The implementations of \textsc{App} rules are spread across two
different calling conventions for functions: slow calls and
direct calls.  Direct calls handle saturated and over-applied
cases (\coderef{GHC/StgToCmm/Layout.hs}{slowArgs}), while slow
calls handle all cases (\textit{utils/genapply/GenApply.hs});
in particular, these cases ensure that the current cost-center
reverts to the one originally at the call site.
\item The \textsc{App} rule demonstrates that modern GHC
profiling uses neither evaluation scoping or lexical scoping; rather,
it uses a hybrid of the two (though with an appropriate definition
of $\bowtie$, either can be recovered.)  The presence of cost centre stacks is one of the primary
differences between modern GHC and Sansom'95.
\item The \textsc{AppTop} rule utilizes $\bullet$ to notate when a
function should influence the current cost centre stack.  The data type
used here could probably be simplified, since we never actually take
advantage of the fact that it is a cost centre.

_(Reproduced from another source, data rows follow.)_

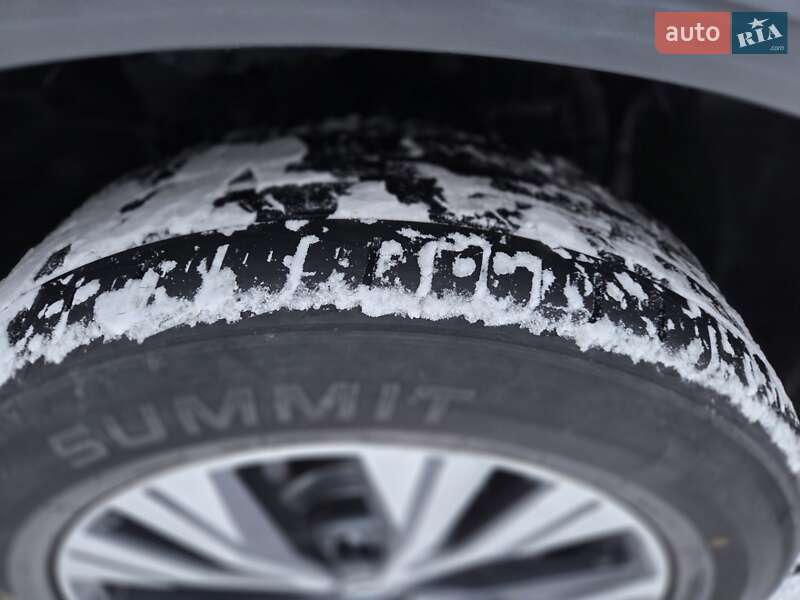 Внедорожник / Кроссовер Nissan Rogue 2021 в Тернополе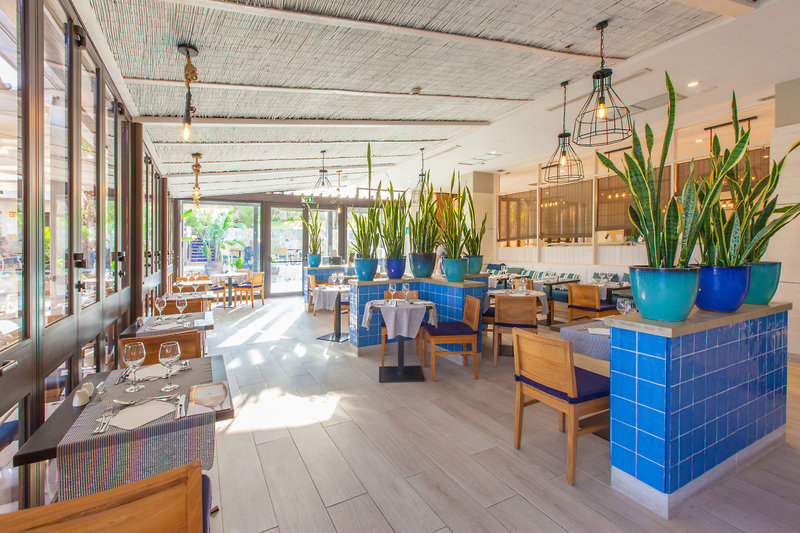 Corallium Beach by Lopesan Hotels 4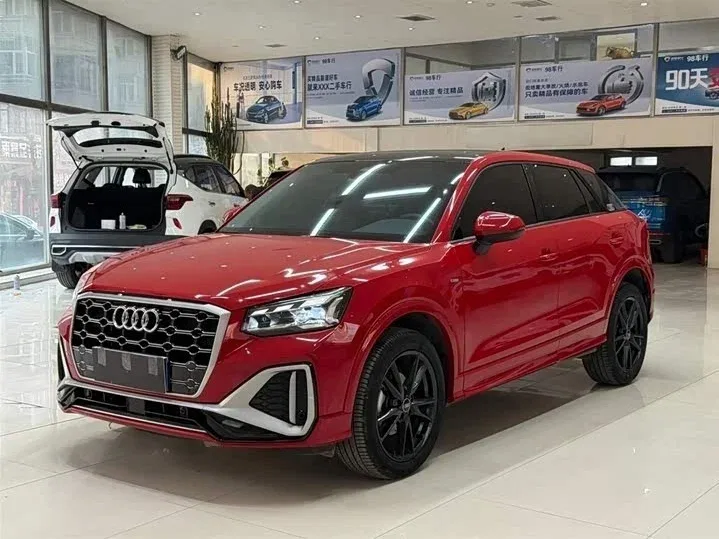 Audi Q2 L 35 TFSI I Рестайлинг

\item As it turns out, the state of the current cost centre after
evaluation is never utilized.  In the original Sansom'95, this information
was necessary to allow for the implementation of lexical scoping; in
this presentation, all closures must live on the heap, and the cost centre
is thus recorded there.
\item \textsc{LneClosure} must explicitly save and reset the $\textsf{ccs}$ when the
binding is evaluated, whereas \textsc{LetClosure} takes advantage of the
fact that when the closure is allocated on the heap the $\text{ccs}$ is saved.
(ToDo: But isn't there a behavior difference when the closure is re-entrant?
Note that re-entrant/updatable is indistinguishable to a let-no-escape.)
\item Recursive bindings have been omitted but they work in the way you would expect.